# what glue?



## robert carter (May 11, 2012)

What glue do you folks use to glue inserts in carbons so they don`t pull out in the target?Thanks,RC.


----------



## Jake Allen (May 11, 2012)

Hot Melt: Kimsha Quick Stik

Also, I use regular Loctite Super Glue

When I remember to clean the carbon dust from inside the shaft, either works works pretty good for me.


----------



## whossbows (May 11, 2012)

hot melt


----------



## BGBH (May 11, 2012)

Gorilla glue...


----------



## markland (May 11, 2012)

I use a .243 wire brush to scrape the inside of the shaft then use a swab and alcohol to clean it and use 2-part epoxy with all my inserts and have "0" problems with inserts on my arrows.  I like to use epoxy as it has a cure time that allows me to screw on my broadheads and spin and true the insert prior to setting up.


----------



## 2wheelfoster (May 11, 2012)

I just got some hot melt. I think it is CDM Flitemate Hot Melt Glue 10" Shop Stick. It is flexible and seems to stay flexible and not brittle. I lost 2 inserts with the ferr-l-tite and went to this. Lancaster has it for about $7.


----------



## Blueridge (May 11, 2012)

Gorilla glue has worked very well for me. The thick tan colored glue , I let it cure for 24 hours.


----------



## Barry Duggan (May 11, 2012)

Two part epoxy, not the five minute stuff. Gives you time to index your insert for broadhead alignment.
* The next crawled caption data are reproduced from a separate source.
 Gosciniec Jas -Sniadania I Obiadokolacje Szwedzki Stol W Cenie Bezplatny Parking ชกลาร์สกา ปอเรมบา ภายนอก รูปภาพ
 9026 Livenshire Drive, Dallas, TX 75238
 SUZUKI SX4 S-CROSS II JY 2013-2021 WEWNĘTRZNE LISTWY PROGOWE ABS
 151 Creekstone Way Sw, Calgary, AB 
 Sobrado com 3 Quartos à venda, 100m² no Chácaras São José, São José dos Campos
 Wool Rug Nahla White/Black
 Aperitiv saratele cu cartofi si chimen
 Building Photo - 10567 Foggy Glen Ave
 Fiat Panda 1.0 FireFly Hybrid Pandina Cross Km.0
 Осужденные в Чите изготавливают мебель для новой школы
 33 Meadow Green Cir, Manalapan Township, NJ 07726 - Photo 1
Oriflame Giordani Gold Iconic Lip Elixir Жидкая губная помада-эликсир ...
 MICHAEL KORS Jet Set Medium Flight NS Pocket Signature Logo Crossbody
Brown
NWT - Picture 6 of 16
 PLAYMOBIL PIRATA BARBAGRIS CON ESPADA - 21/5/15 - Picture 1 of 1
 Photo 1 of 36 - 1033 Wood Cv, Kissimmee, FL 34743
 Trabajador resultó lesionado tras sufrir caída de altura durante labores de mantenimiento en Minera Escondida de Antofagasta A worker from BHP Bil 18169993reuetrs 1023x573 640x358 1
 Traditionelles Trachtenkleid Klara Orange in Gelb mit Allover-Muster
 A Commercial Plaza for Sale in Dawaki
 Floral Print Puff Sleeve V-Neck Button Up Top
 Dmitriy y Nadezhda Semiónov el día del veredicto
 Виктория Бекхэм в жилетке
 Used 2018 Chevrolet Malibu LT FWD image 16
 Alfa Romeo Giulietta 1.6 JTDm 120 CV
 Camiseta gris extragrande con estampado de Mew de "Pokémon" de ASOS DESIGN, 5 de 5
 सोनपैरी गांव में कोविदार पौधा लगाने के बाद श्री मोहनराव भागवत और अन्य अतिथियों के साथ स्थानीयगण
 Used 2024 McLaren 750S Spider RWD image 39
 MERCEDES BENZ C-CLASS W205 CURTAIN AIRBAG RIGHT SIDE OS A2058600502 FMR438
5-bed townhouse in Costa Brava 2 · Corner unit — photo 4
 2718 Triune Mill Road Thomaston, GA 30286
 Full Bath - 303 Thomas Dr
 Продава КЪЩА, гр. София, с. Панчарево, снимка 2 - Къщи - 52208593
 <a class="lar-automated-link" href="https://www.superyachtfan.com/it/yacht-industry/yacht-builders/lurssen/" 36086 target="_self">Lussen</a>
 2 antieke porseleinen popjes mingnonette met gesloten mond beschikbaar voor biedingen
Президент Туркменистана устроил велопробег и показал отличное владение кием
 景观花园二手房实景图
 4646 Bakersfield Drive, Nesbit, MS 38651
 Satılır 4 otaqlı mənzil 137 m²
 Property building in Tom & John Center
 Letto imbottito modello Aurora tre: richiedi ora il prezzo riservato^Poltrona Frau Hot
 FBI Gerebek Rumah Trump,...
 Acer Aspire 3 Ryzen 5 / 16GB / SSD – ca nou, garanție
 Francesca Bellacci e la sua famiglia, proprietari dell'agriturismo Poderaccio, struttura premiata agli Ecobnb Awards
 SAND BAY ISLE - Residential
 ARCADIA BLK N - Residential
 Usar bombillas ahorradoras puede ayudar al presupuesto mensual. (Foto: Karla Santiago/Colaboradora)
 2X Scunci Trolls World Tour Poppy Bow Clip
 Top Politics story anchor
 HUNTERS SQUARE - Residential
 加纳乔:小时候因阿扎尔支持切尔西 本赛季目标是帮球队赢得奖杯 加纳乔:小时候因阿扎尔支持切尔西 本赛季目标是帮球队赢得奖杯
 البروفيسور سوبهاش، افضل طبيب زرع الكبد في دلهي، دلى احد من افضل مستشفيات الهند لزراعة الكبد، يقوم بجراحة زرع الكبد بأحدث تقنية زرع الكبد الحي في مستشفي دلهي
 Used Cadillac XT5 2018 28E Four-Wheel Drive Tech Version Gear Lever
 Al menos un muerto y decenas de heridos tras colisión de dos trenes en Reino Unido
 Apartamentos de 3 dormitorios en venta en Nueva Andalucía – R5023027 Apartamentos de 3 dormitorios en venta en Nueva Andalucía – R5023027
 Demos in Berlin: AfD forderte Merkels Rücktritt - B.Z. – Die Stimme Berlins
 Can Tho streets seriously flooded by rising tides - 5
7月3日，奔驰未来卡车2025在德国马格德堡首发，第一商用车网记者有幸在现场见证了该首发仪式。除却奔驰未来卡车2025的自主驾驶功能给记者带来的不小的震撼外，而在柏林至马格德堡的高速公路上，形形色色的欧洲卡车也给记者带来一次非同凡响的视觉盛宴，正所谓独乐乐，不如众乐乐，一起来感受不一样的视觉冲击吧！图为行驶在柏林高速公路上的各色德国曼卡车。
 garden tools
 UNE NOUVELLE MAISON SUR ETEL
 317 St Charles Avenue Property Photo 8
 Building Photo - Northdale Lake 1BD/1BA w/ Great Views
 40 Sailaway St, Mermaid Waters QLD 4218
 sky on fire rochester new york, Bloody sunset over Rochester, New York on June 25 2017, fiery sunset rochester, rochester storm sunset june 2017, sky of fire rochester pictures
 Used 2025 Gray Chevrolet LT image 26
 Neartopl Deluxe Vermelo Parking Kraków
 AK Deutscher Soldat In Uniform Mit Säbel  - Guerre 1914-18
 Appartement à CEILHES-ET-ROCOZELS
Glued up a couple with Big Jim's hot melt last week, to see how it holds.


----------



## WildWillie (May 11, 2012)

Bohning has came out with a new blue ferreltite for carbons.I have been using it with good results.


----------



## dutchman (May 11, 2012)

Gorilla super glue.


----------



## Slasher (May 11, 2012)

2 part epoxy... slower stuff


----------



## RogerB (May 13, 2012)

I use the High Impact Gorilla glue (gel). If you use super glue, it is important to get the high impact stuff. Other super glue is brittle when dry and can crack when hit, allowing an insert to pull. The high impact stuff won't crack and holds much better. Make sure you clean the carbon dust from the inside of the shaft. A Q-tip dipped in water is the thing to use. Water sets super glue, so the shaft being damp on the inside is a good thing.


----------



## Rare Breed (May 13, 2012)

RC, The glue stick that Big Jim sells is the best I have ever used. I never lose my points or inserts on carbon or wood and it's easy to heat up and change points.


----------



## TIMBERGHOST (May 15, 2012)

You might try the 4 minute JB Spotweld 2 part epoxy.  I've never had an insert come out of my aluminums or a point come off a wood arrow using this stuff.  I can only imagine it would work just as well on carbon arrows. 

Fair warning though; If and when you need to replace an insert it is really difficult to get the old one out and then there is another challenge in removing the residue from inside the shaft. If you use this stuff  you have to be committed. There is a trade off when you use an epoxy...


----------



## Al33 (May 16, 2012)

Great question RC! I continue to have problems with my brass inserts coming out and I have tried super glue, flexible super glue both gel and regular,Loctite Super Glue and others with poor results. I even tried the JB Weld two part epoxy and it doesn't work for me.I bore brush my arrows, clean with alcohol, and glue up.

I am about to try the dark root beer colored Gorilla Glue thanks to some of your suggestions, just hope I have the right stuff as it is what I have on hand.

Hope to get some of Big Jim's glue stick and try it too.


----------



## sawtooth (May 16, 2012)

Rare Breed said:


> RC, The glue stick that Big Jim sells is the best I have ever used. I never lose my points or inserts on carbon or wood and it's easy to heat up and change points.



Agreed! Right after I glue the point or insert, I dip it in cold water. I've never had a point come out in a target, or tree, or whatever else.


----------